SRA / Sequence Read Archive
Stores raw sequence data from next-generation sequencing (NGS) technologies. SRA is a database which works as a core infrastructure for sharing of pre-publication sequence data, with the aim to make sequence data available to the research community to enhance reproducibility and allow for new discoveries by comparing data sets. The database also stores alignment information in the form of read placements on a reference sequence.
NIF / Neuroscience Information Framework
Gives access to a searchable collection of neuroscience data, a catalog of biomedical resources, and an ontology for neuroscience. NIF is a dynamic inventory of web-based neuroscience resources designed to serve neuroscience investigators by facilitating directed and intelligent access to data and findings, aiding integration, synthesis, and connectivity across related data and findings, stimulating new and enhanced development of neuroinformatic resources, and enabling new and enhanced analyses of data.
PMC / PubMed Central
A free full-text archive of biomedical and life sciences journal literature at the U.S. National Institutes of Health’s National Library of Medicine (NIH/NLM). As an archive, PubMed Central is designed to provide permanent access to all of its content, even as technology evolves and current digital literature formats potentially become obsolete.
Comprises more than 24 million citations for biomedical literature from MEDLINE, life science journals, and online books. Citations may include links to full-text content from PubMed Central and publisher web sites.
A curated collection of chaperonin sequence data collected from public databases or generated by a network of collaborators exploiting the cpn60 target in clinical, phylogenetic and microbial ecology studies.
ACLAME / A CLAssification of Mobile genetic Elements
Collects and classifies mobile genetic elements (MGEs) including phases and plasmids from various sources. ACLAME provides a platform for analyzing MGE diversity from a global scale down to specific groups of MGEs and tools for the detection of new MGEs integrated in bacterial genomes. The BLAST search interface allows for a simple querying of the ACLAME sequences, returning information such as for each hit sequence, the functional annotation, the MGE, host(s) and protein families it belongs to.

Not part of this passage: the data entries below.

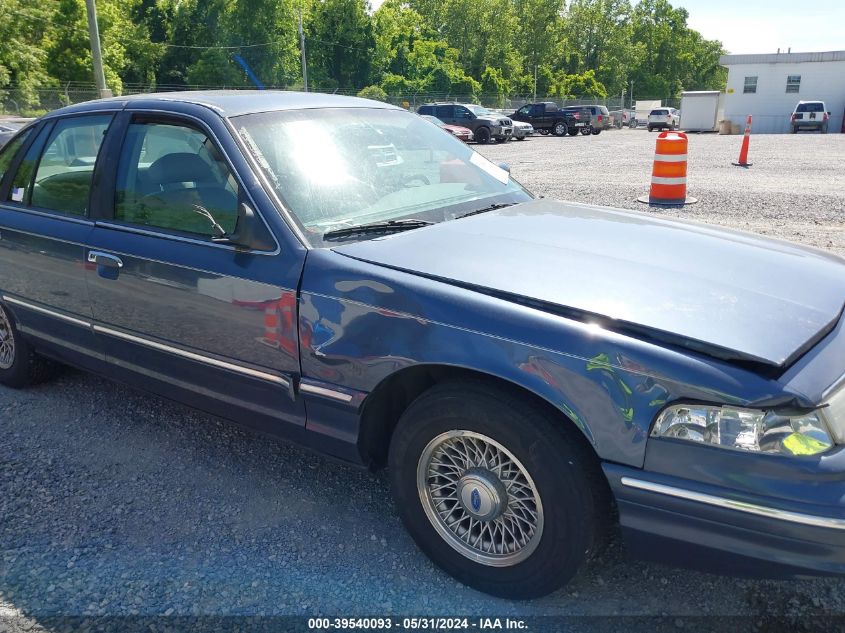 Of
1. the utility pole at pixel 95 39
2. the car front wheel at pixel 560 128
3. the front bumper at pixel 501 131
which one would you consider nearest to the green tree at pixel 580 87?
the car front wheel at pixel 560 128

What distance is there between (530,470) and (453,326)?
1.73 feet

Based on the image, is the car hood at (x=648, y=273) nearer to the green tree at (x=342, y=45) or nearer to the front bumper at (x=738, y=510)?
the front bumper at (x=738, y=510)

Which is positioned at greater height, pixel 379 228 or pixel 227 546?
pixel 379 228

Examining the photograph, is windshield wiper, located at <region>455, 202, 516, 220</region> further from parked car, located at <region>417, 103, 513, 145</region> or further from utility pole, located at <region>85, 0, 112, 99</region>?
parked car, located at <region>417, 103, 513, 145</region>

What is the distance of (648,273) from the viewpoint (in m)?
2.43

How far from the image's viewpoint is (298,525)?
292cm

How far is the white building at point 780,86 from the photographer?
4253 cm

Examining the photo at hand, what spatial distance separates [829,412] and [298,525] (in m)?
2.06

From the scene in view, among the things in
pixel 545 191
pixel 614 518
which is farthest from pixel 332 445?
pixel 545 191

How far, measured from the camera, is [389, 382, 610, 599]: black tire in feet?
6.97

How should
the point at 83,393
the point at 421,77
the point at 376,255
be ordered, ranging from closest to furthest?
the point at 376,255
the point at 83,393
the point at 421,77

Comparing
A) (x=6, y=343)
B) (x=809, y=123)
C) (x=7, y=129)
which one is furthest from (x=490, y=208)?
(x=809, y=123)

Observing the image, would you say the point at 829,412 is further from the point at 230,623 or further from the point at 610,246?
the point at 230,623

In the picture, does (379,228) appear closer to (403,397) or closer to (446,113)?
(403,397) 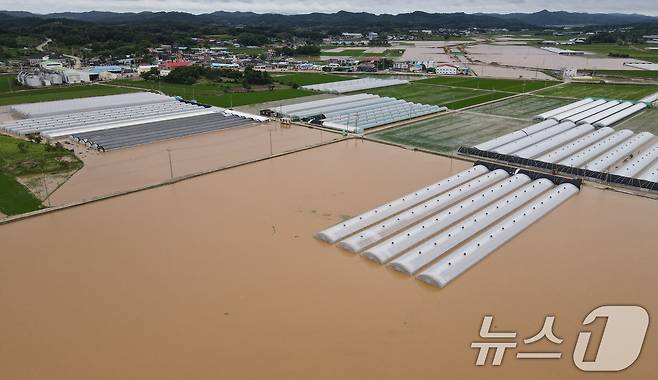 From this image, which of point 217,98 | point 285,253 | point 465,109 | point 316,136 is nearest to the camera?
point 285,253

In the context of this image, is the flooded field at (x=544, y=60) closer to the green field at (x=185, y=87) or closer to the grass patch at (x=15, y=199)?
the green field at (x=185, y=87)

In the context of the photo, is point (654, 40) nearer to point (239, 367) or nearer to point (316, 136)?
point (316, 136)

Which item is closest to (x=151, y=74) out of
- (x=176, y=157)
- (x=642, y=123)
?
(x=176, y=157)

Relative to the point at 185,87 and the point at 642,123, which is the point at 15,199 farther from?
the point at 642,123

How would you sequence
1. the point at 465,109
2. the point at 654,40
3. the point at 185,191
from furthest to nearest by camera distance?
the point at 654,40, the point at 465,109, the point at 185,191

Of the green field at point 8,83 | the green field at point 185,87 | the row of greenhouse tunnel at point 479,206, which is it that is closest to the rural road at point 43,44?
the green field at point 8,83

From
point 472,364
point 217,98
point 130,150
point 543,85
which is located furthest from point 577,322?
point 543,85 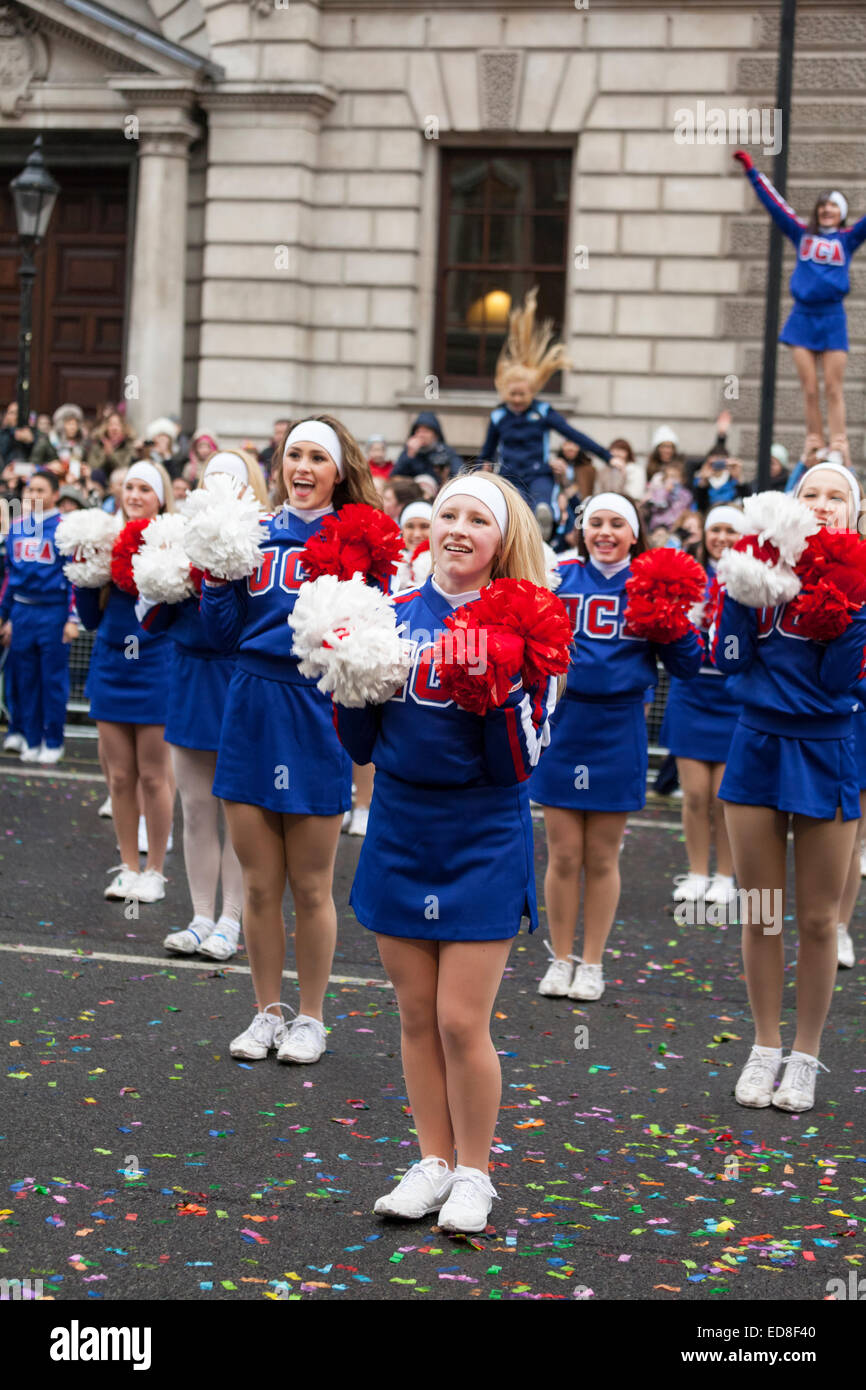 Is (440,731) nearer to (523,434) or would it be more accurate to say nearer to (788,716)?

ARNIE / AVEXIS Receptor Network with Integrated Expression
An online database that integrates the extracellular protein interaction network. ARNIE allows users to browse the network by clicking on individual proteins, or by specifying the spatiotemporal parameters using the drop-down menus. Clicking on connector lines will allow users to compare stage-matched expression patterns for genes encoding interacting proteins. Additionally, users can rapidly search for their genes in the network using the BLAST server provided.
BSRD / Bacterial Small Regulatory RNA Database
Provides a bacterial sRNA repository. BSRD characterizes sRNA in large-scale transcriptome sequencing projects. This database offers to users functional descriptions for sRNA and contains annotations from manually curated literature mining like groth phase, Hfq binding and Rho-independent terminators. Large-scale target search prediction of identified sRNA is also available, and it includes more than 9000 sRNA entries from up to 900 bacterial strains.
CCDS / Consensus Coding Sequence
Tracks identical protein annotations on the reference mouse and human genomes with a stable identifier. CCDS is a resource that supports consistent, comprehensive annotation of the protein-coding content of the human and mouse genomes. It is built by consensus; each member of the collaboration contributes annotation, quality assessments, and curation. This data sets can be accessed from several public resource.